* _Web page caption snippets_

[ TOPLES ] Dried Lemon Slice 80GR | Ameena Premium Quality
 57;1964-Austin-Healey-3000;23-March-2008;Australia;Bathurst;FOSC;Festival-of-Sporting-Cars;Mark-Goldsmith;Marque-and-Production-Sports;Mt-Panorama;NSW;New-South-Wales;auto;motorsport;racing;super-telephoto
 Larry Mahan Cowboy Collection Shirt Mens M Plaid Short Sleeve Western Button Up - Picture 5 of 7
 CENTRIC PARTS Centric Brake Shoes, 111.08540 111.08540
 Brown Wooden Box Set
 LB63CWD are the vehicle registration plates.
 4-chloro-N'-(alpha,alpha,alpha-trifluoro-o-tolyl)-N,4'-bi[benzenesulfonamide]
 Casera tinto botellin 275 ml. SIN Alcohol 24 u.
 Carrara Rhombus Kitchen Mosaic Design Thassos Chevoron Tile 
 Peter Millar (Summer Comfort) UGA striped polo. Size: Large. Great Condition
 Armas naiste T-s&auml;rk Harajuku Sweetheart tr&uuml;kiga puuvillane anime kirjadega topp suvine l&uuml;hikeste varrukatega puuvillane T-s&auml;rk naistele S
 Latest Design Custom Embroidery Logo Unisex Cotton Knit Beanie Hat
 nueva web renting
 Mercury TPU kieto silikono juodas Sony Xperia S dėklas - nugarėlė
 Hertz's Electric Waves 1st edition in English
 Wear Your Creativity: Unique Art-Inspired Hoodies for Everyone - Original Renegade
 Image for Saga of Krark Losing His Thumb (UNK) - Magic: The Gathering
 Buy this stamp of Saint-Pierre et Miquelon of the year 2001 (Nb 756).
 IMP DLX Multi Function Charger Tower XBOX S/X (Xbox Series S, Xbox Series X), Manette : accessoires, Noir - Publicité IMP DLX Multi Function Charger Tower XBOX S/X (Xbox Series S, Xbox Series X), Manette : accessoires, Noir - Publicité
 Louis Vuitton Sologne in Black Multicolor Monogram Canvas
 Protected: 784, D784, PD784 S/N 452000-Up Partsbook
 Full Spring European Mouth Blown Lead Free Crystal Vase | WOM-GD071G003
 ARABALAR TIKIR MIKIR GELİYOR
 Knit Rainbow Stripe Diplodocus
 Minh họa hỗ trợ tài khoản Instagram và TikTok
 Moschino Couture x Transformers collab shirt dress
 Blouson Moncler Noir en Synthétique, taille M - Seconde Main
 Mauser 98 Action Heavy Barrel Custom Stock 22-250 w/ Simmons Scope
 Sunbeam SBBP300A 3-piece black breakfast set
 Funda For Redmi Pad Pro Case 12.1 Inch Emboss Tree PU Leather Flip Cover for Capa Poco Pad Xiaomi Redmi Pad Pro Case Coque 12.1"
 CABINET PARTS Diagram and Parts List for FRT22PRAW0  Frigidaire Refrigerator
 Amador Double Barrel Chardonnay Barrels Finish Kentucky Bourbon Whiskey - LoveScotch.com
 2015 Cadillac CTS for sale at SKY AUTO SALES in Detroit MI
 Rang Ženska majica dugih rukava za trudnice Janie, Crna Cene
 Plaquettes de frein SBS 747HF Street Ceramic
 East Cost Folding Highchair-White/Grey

* _What is needed_
Please find every line in the records that contains the word "Barrel", and copy it out.

* _Answer_
 Mauser 98 Action Heavy Barrel Custom Stock 22-250 w/ Simmons Scope
 Amador Double Barrel Chardonnay Barrels Finish Kentucky Bourbon Whiskey - LoveScotch.com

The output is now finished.